This is a blank project that appears when you open the application.
At the menu bar you can show or hide toolbars.
You may want to take a second to get familiar with what each one is called and does. You can also rearrange their order by grabbing at the leftmost corner with all the lines.
This is where all of your important toolbars are located. Consult the sections below for descriptions of each toolbar.
The Transport Toolbar is where you will find the pause, play, stop, skip to start, skip to end, and record buttons.
These tools function by clicking the mousepad or clicking, holding, and dragging.
These different tool bars allow you to monitor and control your levels. They may or may not appear in this order.
The top toolbar is the recording meter which will show you if the levels are too low or high. The color will usually appear as green, although, if it is red and a little red bar shows up in the farthest right corner, that means the level is too high and the audio "clipped."
"Clipping" means that the levels were too high for the capacity of a microphone or speaker, the waveform then gets recorded cut off and distorts the sound instead. Once the audio is recorded this way, it is not fixable, so make sure you are always setting your levels right!
The middle toolbar is your playback meter which shows you the levels of an audio clip while it is playing. Here you can also see if audio you recorded has clipped.
The bottom toolbar is your mixer, the microphone icon is your recording mixer where you can adjust the gain or input level. The speaker icon is the playback mixer where you can adjust volume or output level.
This toolbar is arguably less important because there are keyboard shortcuts for all of these. You can find them in the menu bar under Edit > or View > Zoom >. You can also hover the cursor over each one and it will show you the shortcut.

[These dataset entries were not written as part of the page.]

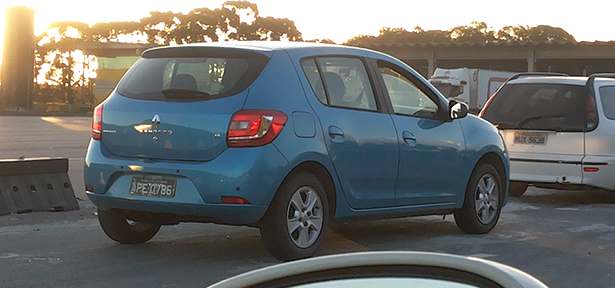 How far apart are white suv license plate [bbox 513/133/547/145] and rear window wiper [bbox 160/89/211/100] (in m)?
5.87

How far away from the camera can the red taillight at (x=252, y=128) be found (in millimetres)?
5844

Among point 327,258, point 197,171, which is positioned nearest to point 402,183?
point 197,171

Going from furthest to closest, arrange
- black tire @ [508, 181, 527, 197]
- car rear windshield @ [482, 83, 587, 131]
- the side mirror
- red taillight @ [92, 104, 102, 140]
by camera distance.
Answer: black tire @ [508, 181, 527, 197], car rear windshield @ [482, 83, 587, 131], the side mirror, red taillight @ [92, 104, 102, 140]

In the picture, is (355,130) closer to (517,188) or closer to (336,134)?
(336,134)

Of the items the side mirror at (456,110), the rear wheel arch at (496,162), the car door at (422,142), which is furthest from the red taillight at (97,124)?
the rear wheel arch at (496,162)

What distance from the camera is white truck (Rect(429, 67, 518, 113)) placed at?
4684cm

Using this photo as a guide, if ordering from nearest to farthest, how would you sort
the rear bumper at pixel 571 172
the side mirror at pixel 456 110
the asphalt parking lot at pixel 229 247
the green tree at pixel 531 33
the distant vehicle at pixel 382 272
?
the distant vehicle at pixel 382 272, the asphalt parking lot at pixel 229 247, the side mirror at pixel 456 110, the rear bumper at pixel 571 172, the green tree at pixel 531 33

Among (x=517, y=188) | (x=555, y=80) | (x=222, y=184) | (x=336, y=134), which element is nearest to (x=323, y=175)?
(x=336, y=134)

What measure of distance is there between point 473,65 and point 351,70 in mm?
75949

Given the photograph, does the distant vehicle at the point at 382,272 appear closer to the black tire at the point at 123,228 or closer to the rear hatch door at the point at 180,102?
the rear hatch door at the point at 180,102

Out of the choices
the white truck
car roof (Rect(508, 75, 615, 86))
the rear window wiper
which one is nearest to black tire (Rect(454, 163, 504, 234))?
the rear window wiper

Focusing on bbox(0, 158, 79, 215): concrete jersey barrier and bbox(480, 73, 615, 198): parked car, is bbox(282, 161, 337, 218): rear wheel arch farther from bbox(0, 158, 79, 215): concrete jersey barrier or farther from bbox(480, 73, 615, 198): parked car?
bbox(480, 73, 615, 198): parked car

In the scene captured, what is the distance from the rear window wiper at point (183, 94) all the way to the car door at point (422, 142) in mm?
1671

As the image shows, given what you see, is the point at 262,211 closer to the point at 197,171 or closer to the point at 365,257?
the point at 197,171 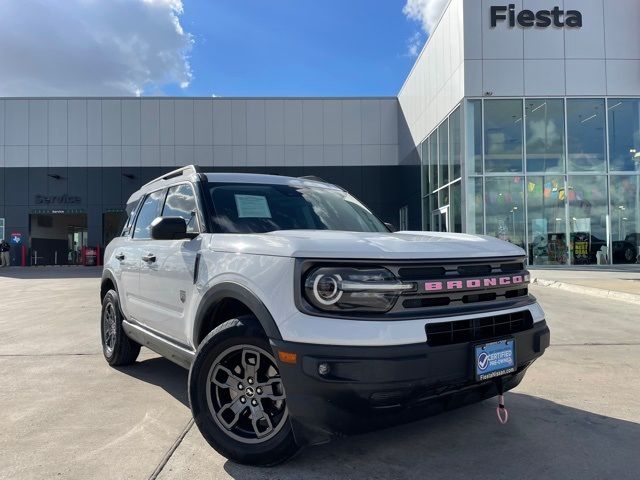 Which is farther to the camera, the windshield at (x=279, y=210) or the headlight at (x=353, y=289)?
the windshield at (x=279, y=210)

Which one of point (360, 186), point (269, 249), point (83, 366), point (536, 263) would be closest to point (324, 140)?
point (360, 186)

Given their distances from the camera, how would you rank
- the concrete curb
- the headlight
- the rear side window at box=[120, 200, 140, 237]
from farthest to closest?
the concrete curb → the rear side window at box=[120, 200, 140, 237] → the headlight

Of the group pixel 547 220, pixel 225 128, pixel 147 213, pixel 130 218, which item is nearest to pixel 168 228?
pixel 147 213

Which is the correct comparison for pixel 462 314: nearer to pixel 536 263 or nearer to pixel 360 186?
pixel 536 263

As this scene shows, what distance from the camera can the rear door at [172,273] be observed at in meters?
3.63

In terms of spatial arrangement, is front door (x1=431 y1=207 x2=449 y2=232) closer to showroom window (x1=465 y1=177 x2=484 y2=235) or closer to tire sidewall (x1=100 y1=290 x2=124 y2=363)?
showroom window (x1=465 y1=177 x2=484 y2=235)

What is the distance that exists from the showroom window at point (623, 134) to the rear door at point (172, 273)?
1955cm

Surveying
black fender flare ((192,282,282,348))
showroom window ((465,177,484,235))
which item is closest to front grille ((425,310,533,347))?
black fender flare ((192,282,282,348))

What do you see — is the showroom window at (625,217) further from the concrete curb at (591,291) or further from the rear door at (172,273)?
the rear door at (172,273)

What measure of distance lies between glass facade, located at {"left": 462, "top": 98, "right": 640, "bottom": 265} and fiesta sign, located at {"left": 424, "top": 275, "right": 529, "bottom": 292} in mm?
16314

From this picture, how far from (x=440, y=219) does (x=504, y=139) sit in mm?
4482

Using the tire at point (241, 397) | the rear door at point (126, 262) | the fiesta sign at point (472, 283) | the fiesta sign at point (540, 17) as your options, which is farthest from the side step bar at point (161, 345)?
the fiesta sign at point (540, 17)

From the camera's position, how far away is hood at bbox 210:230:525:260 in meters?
2.68

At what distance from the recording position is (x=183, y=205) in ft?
13.6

This toolbar allows you to cut, copy, paste, trim, silence, undo, redo, zoom in, zoom out, zoom back to normal, and zoom all the way in.

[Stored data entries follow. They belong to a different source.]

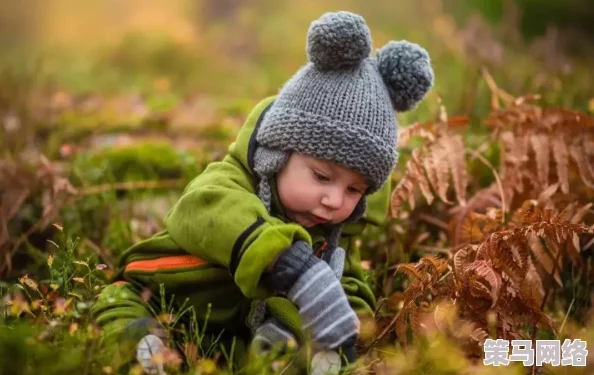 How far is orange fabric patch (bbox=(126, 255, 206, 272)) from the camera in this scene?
8.70 feet

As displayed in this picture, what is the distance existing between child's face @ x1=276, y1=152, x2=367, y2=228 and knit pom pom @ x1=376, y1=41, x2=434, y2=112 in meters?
0.36

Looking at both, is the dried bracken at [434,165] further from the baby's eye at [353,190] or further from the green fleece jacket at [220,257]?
the baby's eye at [353,190]

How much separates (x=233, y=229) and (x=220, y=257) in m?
0.11

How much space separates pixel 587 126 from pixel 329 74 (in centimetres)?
155

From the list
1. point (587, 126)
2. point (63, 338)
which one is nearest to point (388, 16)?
point (587, 126)

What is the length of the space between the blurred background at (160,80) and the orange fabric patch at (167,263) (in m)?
0.72

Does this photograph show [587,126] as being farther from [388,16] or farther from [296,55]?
[388,16]

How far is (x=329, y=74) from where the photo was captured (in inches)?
105

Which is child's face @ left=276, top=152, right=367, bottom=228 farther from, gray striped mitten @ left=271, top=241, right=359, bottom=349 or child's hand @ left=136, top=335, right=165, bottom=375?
child's hand @ left=136, top=335, right=165, bottom=375

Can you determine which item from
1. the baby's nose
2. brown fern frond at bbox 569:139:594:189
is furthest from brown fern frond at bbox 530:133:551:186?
the baby's nose

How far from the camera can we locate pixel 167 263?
8.83 ft

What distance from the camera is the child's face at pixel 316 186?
255 cm

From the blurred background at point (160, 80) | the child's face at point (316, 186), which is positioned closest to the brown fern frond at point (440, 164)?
the blurred background at point (160, 80)

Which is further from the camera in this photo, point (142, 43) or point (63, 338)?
point (142, 43) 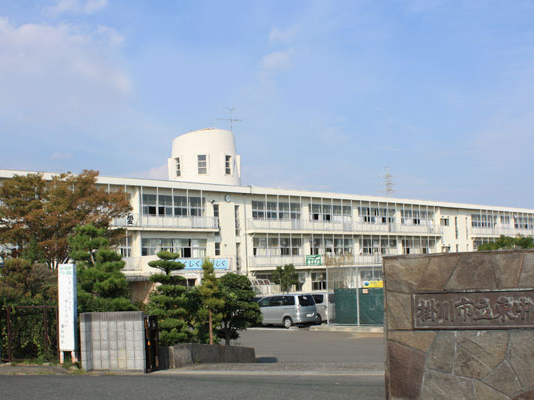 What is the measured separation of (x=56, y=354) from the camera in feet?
40.4

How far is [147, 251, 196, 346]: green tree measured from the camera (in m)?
13.5

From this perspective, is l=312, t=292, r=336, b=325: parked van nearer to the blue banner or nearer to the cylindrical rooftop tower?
the blue banner

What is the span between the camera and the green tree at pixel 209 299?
50.1 feet

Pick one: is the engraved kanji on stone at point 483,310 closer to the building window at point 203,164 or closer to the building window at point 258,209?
the building window at point 258,209

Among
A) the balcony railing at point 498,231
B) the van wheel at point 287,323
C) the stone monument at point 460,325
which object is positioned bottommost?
the van wheel at point 287,323

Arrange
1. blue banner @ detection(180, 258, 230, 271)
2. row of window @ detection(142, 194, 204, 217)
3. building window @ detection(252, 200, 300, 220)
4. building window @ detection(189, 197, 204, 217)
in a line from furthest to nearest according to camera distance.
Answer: building window @ detection(252, 200, 300, 220) → building window @ detection(189, 197, 204, 217) → row of window @ detection(142, 194, 204, 217) → blue banner @ detection(180, 258, 230, 271)

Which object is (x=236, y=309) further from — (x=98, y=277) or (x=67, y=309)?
(x=67, y=309)

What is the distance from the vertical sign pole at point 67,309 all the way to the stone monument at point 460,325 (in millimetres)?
6896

This toolbar allows you to speed up or slow down audio, affecting pitch.
Here are some tools not located on any tool bars.
This is the preferences window that will appear if you go to the menu bar and go to Audacity > Preferences. Here you can change the recording and playback devices as well as the recording channels.
The media labs have M-Audio Fast Track and FocusRite Scarlett, and Behringer U-Phoria interfaces.
This toolbar lets you select your devices for recording and playback. Here it shows the audio host, the recording device, the recording channels, and the playback device. You can change these accordingly if you are using an audio interface for recording.
Here you can select a MIDI device if you would like to use one.
MIDI - A Musical Instrument Digital Interface is a way for synthesizers, samplers, or computers to record information and communicate with each other. For example, with a MIDI keyboard you may record a track, a computer will record the information as tones, and from that point on, you can replace the MIDI keyboard with a different instrument or patch that will playback the exact same information but with that instrument’s sound instead.
The Media Labs have Alesis Q25, and M-Audio MIDI Keyboards. The Behringer U-Phoria interfaces have MIDI ports in them as well for recording your own MIDI device in the Sound Booth.